A scientist from the University of Wisconsin has finally revealed a breakthrough that could guarantee the genetic integrity of an entire crop after studying teosinte, a weed cousin of maize. Jerry Kermicle has uncovered the knowledge that a genetic barrier to foreign genes, including those from GM varieties, can easily be bred into modern hybrid corn.

Corn usually traffics genes readily, and the fear of uncontrolled (and unstoppable) cross-fertilisation is beginning to threaten the future of US corn exports to important trading countries such as the EU and Japan that are particularly wary of DNA technology, especially in the light of the recent StarLink fiasco.
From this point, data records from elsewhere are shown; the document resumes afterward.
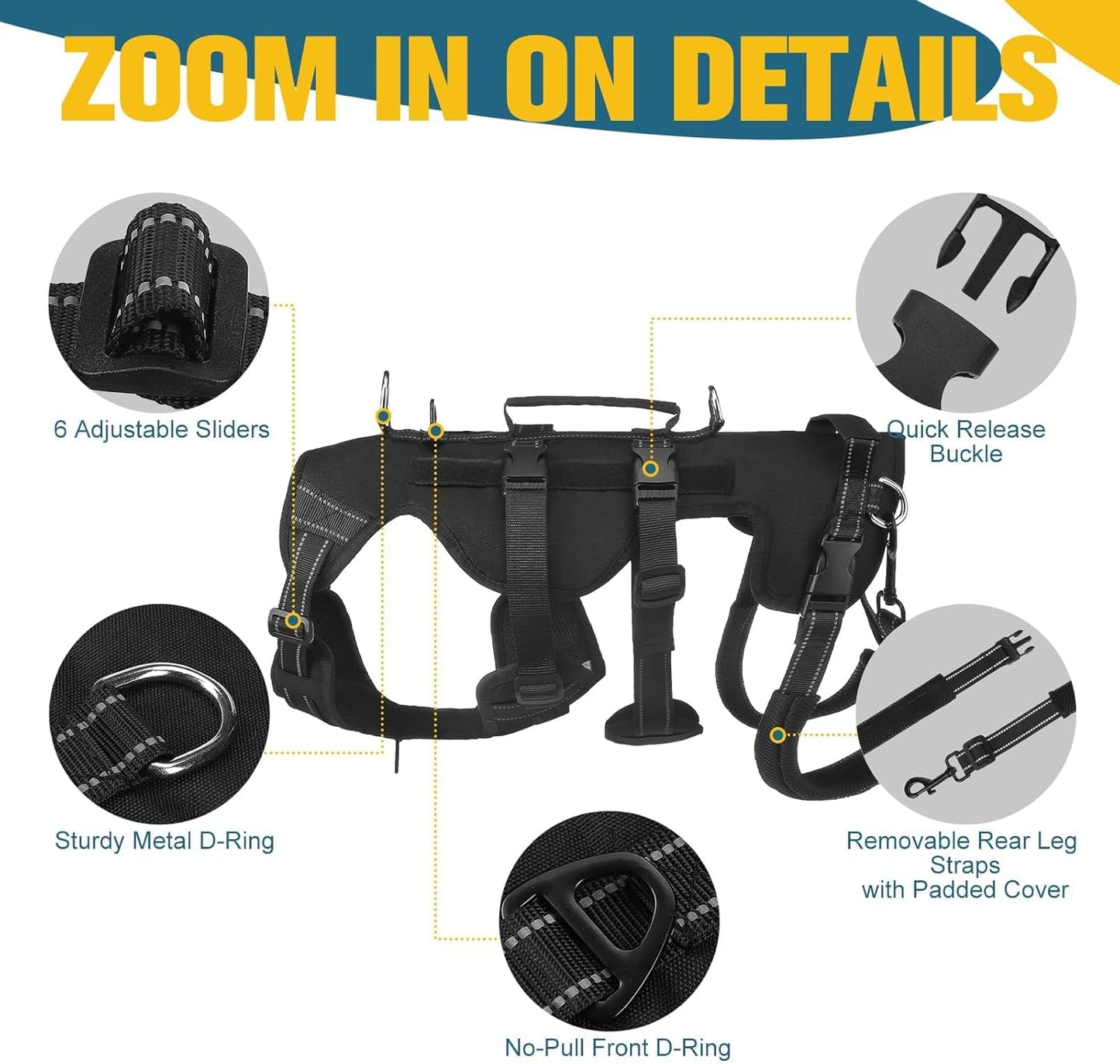 BINGPET Dog Lift Harness for Large Dogs,Full Body Support Rehabilitation Dog Sling Carrier with Handles,Reflective Multifunctional Mobility Assistance Vest for Senior Pets Joint Injuries,Arthritis,L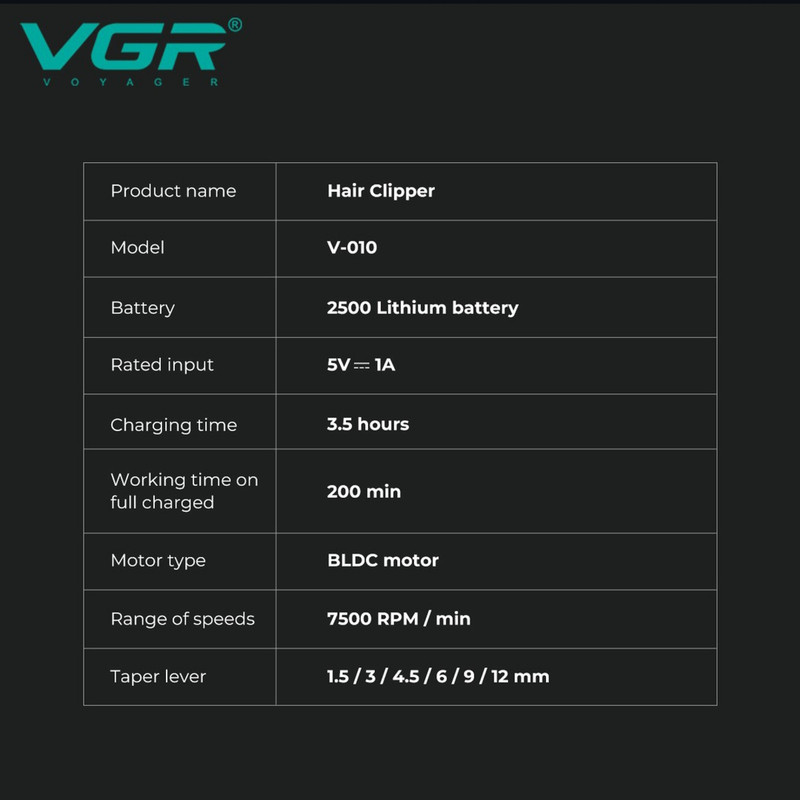 ماشین اصلاح موی سر و صورت وی جی ار مدل v-010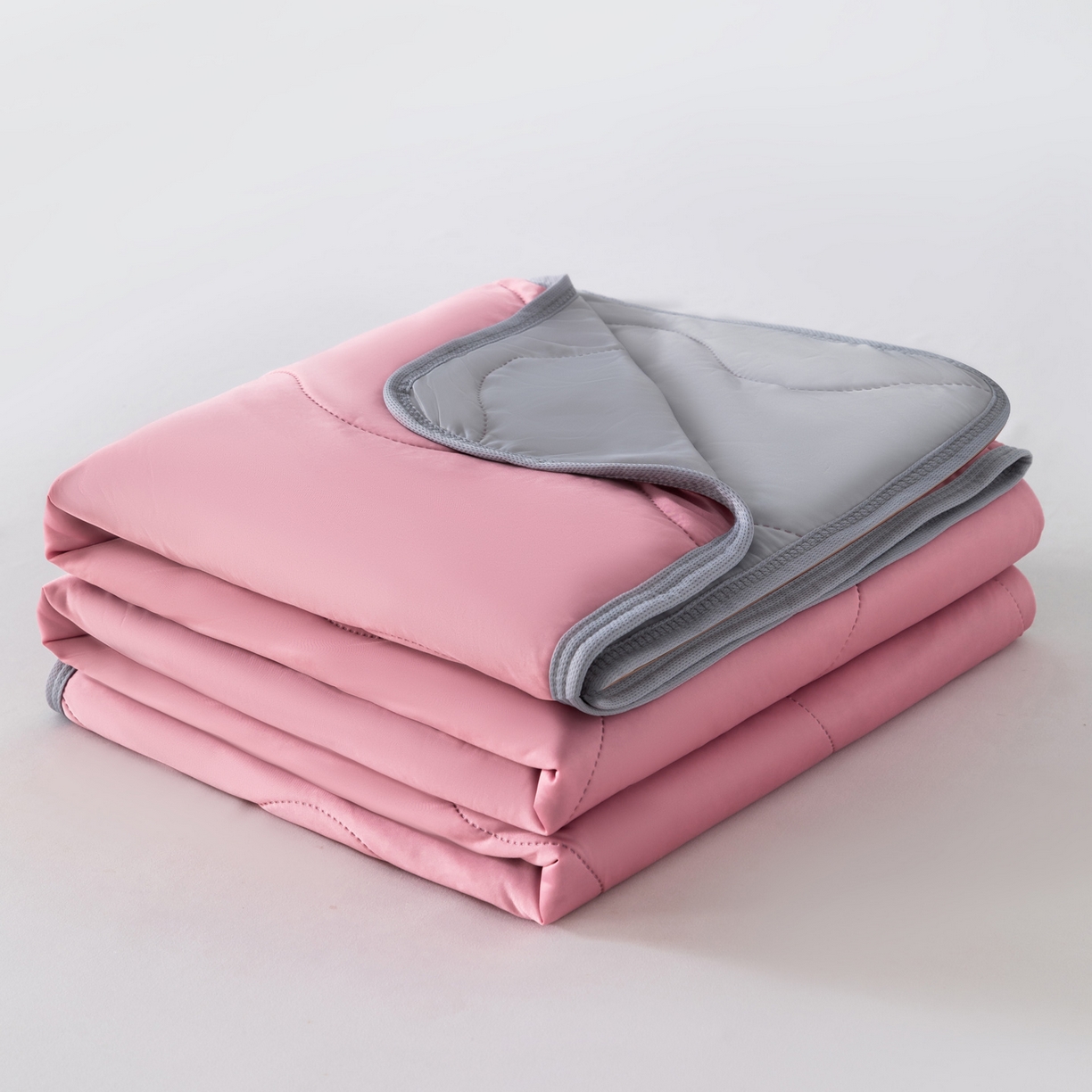 91家纺网 家纺一手货源 找家纺 畅销被业 2026新款凉感丝夏凉被夏被-大波浪 波浪格-豆沙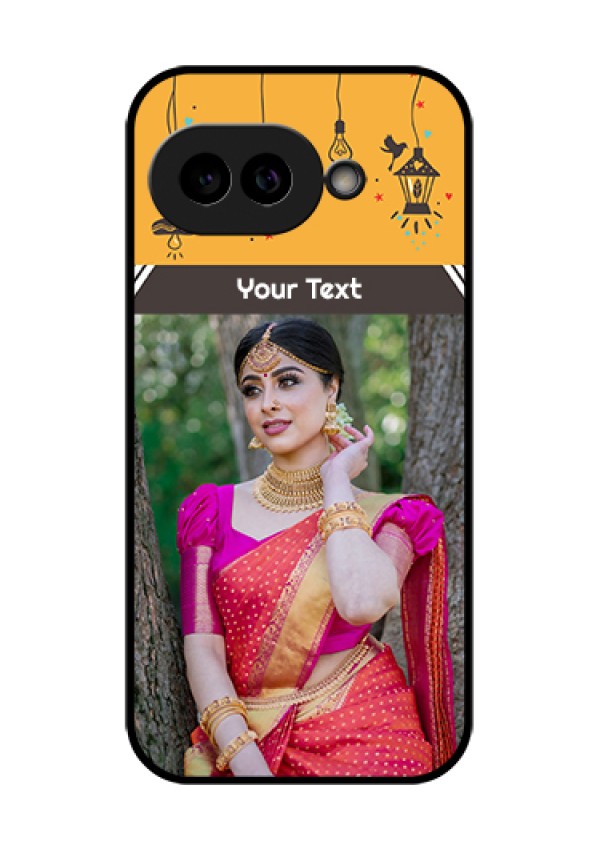 Pixel 9A 5G Custom Glass Phone Case - With Family Picture And Icons
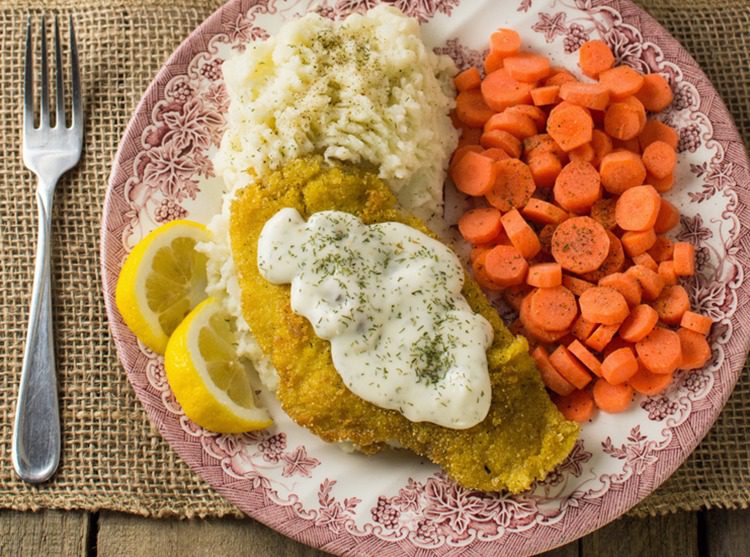 Pan Fried Fish Fillets with Lemon Dill Sauce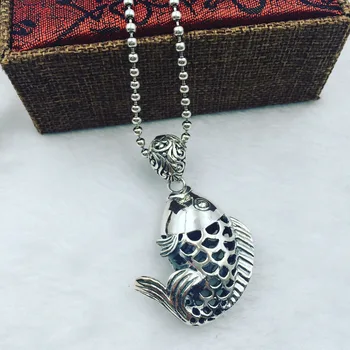 

The ancient Thai silver silver carp Koi genuine S925 Solid Silver Pendant Pendant Chain sweater factory direct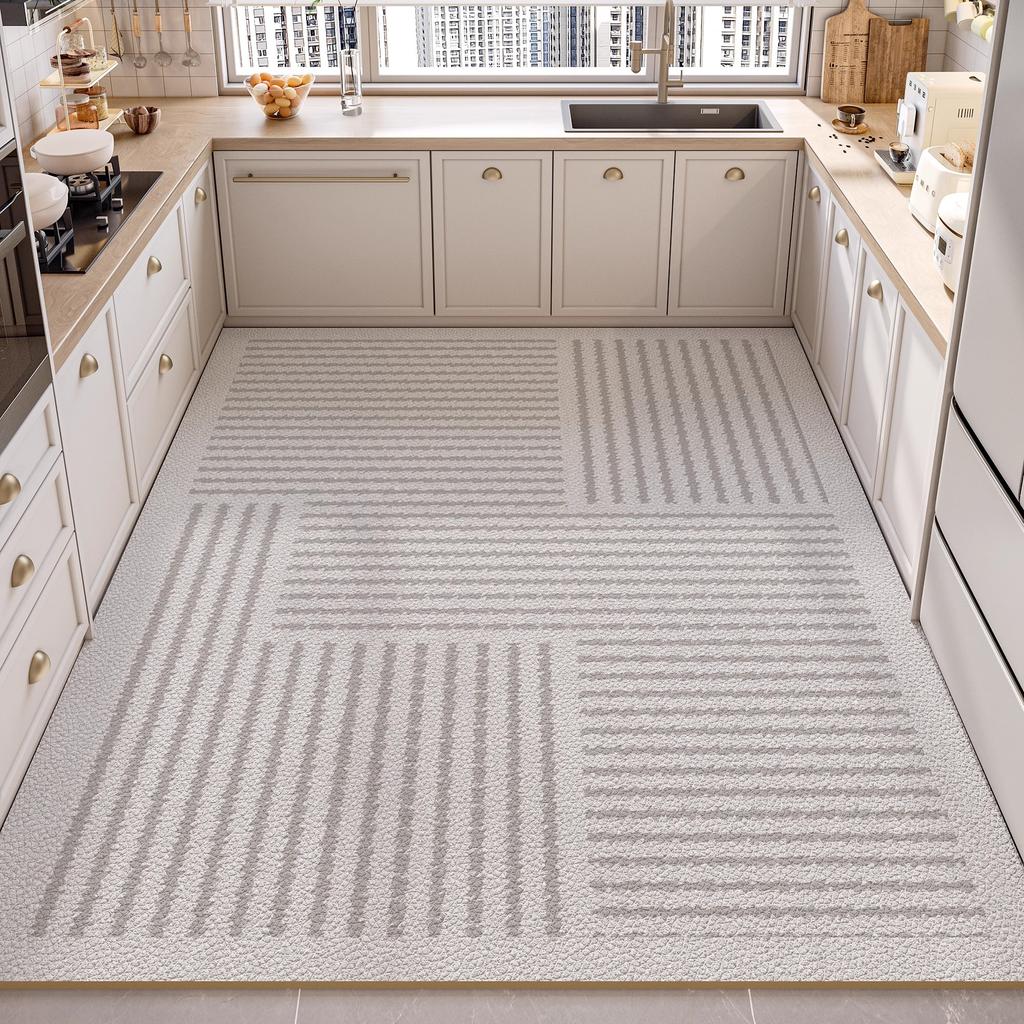Large PVC Kitchen Floor Mat Non Slip Oil Proof Easy Clean Leather Rug For Balcony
This new technology is therefore particularly useful for US farmers who want to recapture GM-sensitive markets in Europe and Asia. It is also useful in proving no threat to the non-target Monarch butterflies, under threat from the corn genetically engineered to produce its own insecticide.

The findings should also ease the pressure on the animal feed industry, which currently accounts for over 50% of the corn produced in the US. There is a growing interest in the certification of non-GM feed, and with millions of acres of US farmland planted with GM crops, contamination is a serious issue.

Commercial planting may be possible in 2003, after the genetic barrier is grown in hybrid corn by way of traditional breeding methods and tested throughout 2002. It will be licensed for domestic and international use, and is currently patented by WARF, a non-profit corporation connected to the University of Wisconsin.